The House at Riverton
Told in flashback by Grace, a loyal family servant, this debut novel tells the story of the Hartford family and Riverton, their English country estate, during the first quarter of the 20th century. This book has it all – the charmed but tragic lives of the landed gentry, the world of their faithful servants, passionate and doomed love affairs, the impact of World War I on English society, changes in the role of women in society - to name just a few. The story was briskly paced and kept me in suspense until the end, when Grace’s secret is finally revealed. The characters were believable and sympathetic in that British stiff upper-lip sort of way. If you like books like Rebecca, Atonement and Water for Elephants, as I do, this book is highly recommended.
Elsbeth (05/07/08)

A Captivating Book
The House At Riverton is a fabulous novel!

The author skillfully brings her readers into the house, upstairs with the aristocratic family and downstairs with the household servant staff.

As I read this book, I felt I was right there, sharing the lives and secrets of the characters in the story. I enjoyed going back in history, to the mid-1920's via Grace's memories. The suspense at the end of the novel was great.

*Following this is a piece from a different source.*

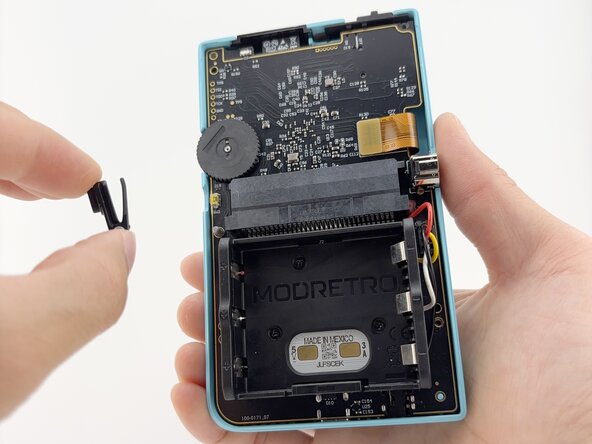 Disassembling ModRetro Chromatic (Released Mid-2025), Menu Button: 步骤 3 中的图像 2，3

It was difficult to put this book down. I will eagerly wait for Kate Morton's second novel.
Shirley (05/07/08)

The House At Riverton
A superficial novel, never developing the characters enough to encourage interest in them or their plight. Dialogue too monotonous to allow imagination. One feels on the verge of interest when the plot is redirected leaving one searching to rekindle caring. Although the premise evokes intrigue, it ends up reading like a book for a teenage girl. There is a good story here that a more skilled writer could make into a page turner.
Robyn (05/07/08)

Fine example of a fun genre
The first sentence of this book lets you know where the author is going: it is a clear echo of the famous first sentence of Du Maurier's Rebecca: "Last night I dreamed I went to Manderly again.." That first sentence tells you what you need to know; this book draws on what Daphne DuMaurier did first and best -- the gothic mystery, with the somewhat secretive narrator, and the stories that take place under the surface. I read another review compare it to The Thirteenth Tale, and I'd agree with that comparison. Like The Thirteenth Tale, it has a great setup, and it moves forward well -- but I spent most of the book waiting for it to kick into fifth gear, and it never quite there. The author has a great sense of place and time, and a great ability to build up intrigue; but it never quite pays off in the way that a lasting classic would. That said, it was well worth the read, especially for people (and there are lots of us) who are fans of the genre.
Irene (05/07/08)

The House at Riverton
A wonderful novel!

The setting (1900-1924) and the place (Riverton House in the English countryside) are well researched and have a definite feeling of authenticity.
The characters are all caught, unsuspecting at first, in a changing time between two wars; politics, ambitions, attitudes toward women, their place in society and the suffragette movement all play a part in their lives. Both major and minor characters have secrets, which lead the reader to many questions, some answered and some not answered.

The story alternates between the past and the present (1999) from the perspective of the main character, Grace, who begins as a servant girl at age 14 and dying at age 98, In her last hours she shares with the reader the secret she has kept for 75 years.
This is a thoroughly enjoyable book. I look forward to more of Kate Morton’s work in the near future.